» TASK
Here is the task for the listing below: output exactly the lines from the one containing "Hello! In front" through the one containing "Hey, this is", and leave out the pictures.

» DATASET CONTENT

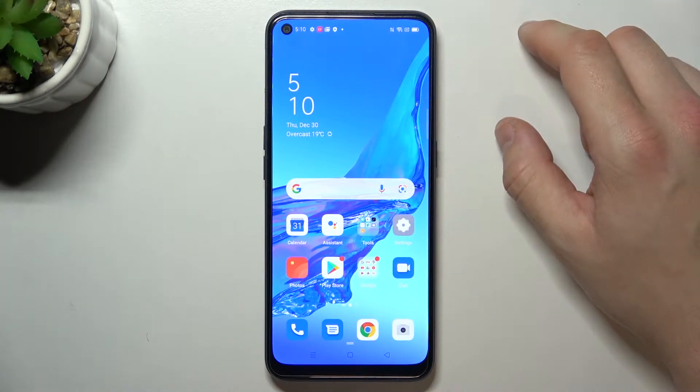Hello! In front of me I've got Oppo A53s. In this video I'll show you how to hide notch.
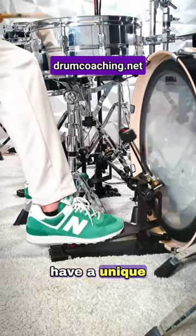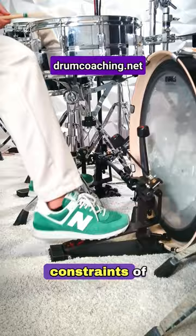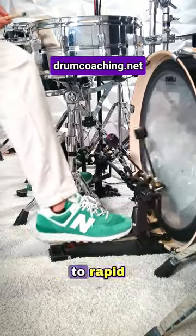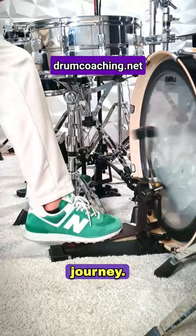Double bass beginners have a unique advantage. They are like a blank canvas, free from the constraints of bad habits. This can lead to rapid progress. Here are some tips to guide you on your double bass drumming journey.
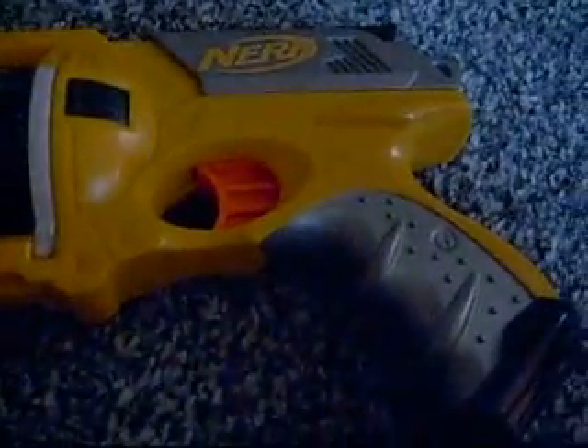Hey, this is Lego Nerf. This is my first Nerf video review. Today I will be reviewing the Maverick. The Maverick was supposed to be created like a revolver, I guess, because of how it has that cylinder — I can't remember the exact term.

==

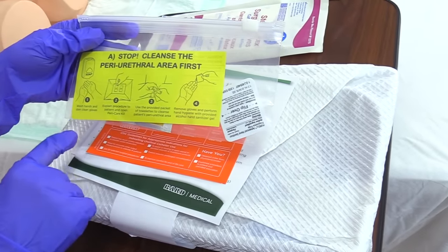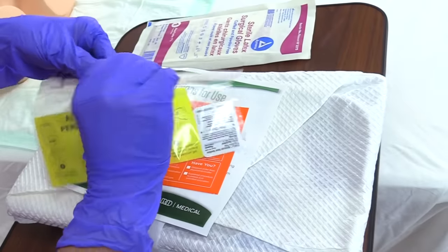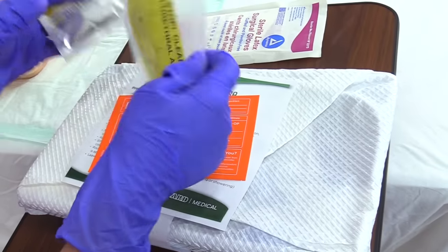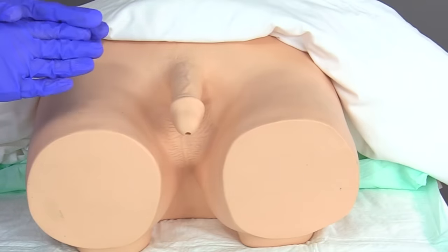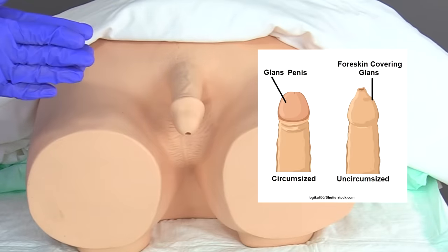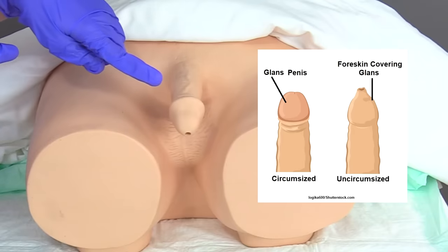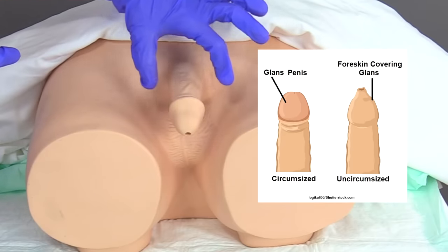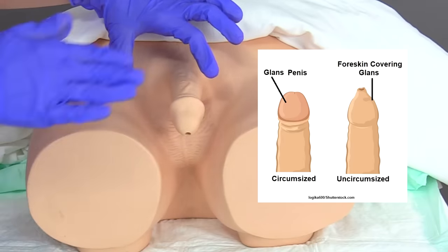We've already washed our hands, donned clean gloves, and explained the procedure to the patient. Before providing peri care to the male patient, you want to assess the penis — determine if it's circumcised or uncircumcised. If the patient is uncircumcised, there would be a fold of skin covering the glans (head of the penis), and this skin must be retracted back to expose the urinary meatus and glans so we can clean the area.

» ANSWER TO THIS PROBLEM
Hello! In front of me I've got Oppo A53s. In this video I'll show you how to hide notch.
Double bass beginners have a unique advantage. They are like a blank canvas, free from the constraints of bad habits. This can lead to rapid progress. Here are some tips to guide you on your double bass drumming journey.
Hey, this is Lego Nerf. This is my first Nerf video review. Today I will be reviewing the Maverick. The Maverick was supposed to be created like a revolver, I guess, because of how it has that cylinder — I can't remember the exact term.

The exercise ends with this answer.